The synchronic and diachronic axes of faith
We can treat Jesus’ death as a universally applicable or accessible event – to the extent that we can say, ‘Jesus died for my sins’, with very little sense of that being an event in the story of a historical community. In other words, we relate to his death in conversion or in worship or in discipleship synchronically as an ever-present metaphysical reality. But that makes it in effect a Platonic or perhaps Gnostic myth: we may insist by faith that it is true, even that it is something that can be personally experienced, but there is no realistic sense in which Jesus’ death forms part of my personal narrative.
As a people, however, we are part of a historical narrative stretching back through the experience of global and then European Christendom, to the early church, to Israel, and eventually to Abraham. The death of Jesus is an integral, realistic, non-mythical part of that story, to which we now relate as a community diachronically. The question I am raising is, Why do we prefer the ‘mythical’ account over the historical account? Why do we prioritize the personal, existential, ahistorical interpretation of Jesus’ death over the community-based, historical interpretation – indeed, often to the exclusion of the historical interpretation?
This is not a matter of whether Jesus’ death really was an atoning sacrifice or whether he really was raised from the dead. It is a question of why we choose to locate that event in a mythical narrative rather than in a historical narrative.

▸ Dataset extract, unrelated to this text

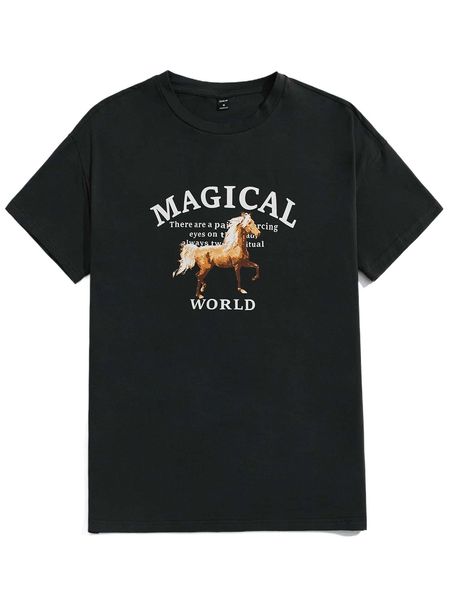 

men horse & slogan graphic drop shoulder tee s48z#, White;black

The New Testament trajectory
If we put it in terms of responding dynamically to present circumstances under guidance from the Holy Spirit, that’s fine – except that ‘under guidance from the Holy Spirit’ must presuppose some sort of biblical framework or it can be made to mean whatever we wish. So we are back with the question of how we construe that biblical framework.
We could assume as we have tended to do that we are called to do what the early church did for the reasons that the early church did it. Or we can extrapolate from the narrative trajectory of the New Testament. My argument in Re: Mission is that the New Testament church is designed to participate in a narrative of suffering and vindication that is expected to culminate in the foreseeable future in some sort of public victory over aggressive pagan imperialism. That narrative, however, slots into a larger narrative about the renewal of creation to which the church had to adjust after Constantine. The church adjusted to that narrative imperfectly, and the model it developed has now effectively collapsed. So I think that we are again having to construe what it means to respond to the calling to be new creation – both in the imperfection of our concrete existence and prophetically, being a sign, as Christendom imperfectly was, of the hope that God makes all things new.
This is not simply a pragmatic argument about how we respond to present circumstances. To my mind it is in the first place an argument about how we read the New Testament. Postmodernism (roughly speaking) has afforded as a different perspective on the construction of significant meaning; and I think that it is worth asking how far we can push the contextually sensitive, narrative-historical reading, which has unquestionably been extremely fruitful – even Peter will admit that. I think it can be taken further than Tom Wright has taken it – I think he loses his nerve. But I freely admit that it can be pushed too far, not least because the New Testament already offers different perspectives on the significance of Jesus’ death, and appears in places to strain towards a more universal formulation.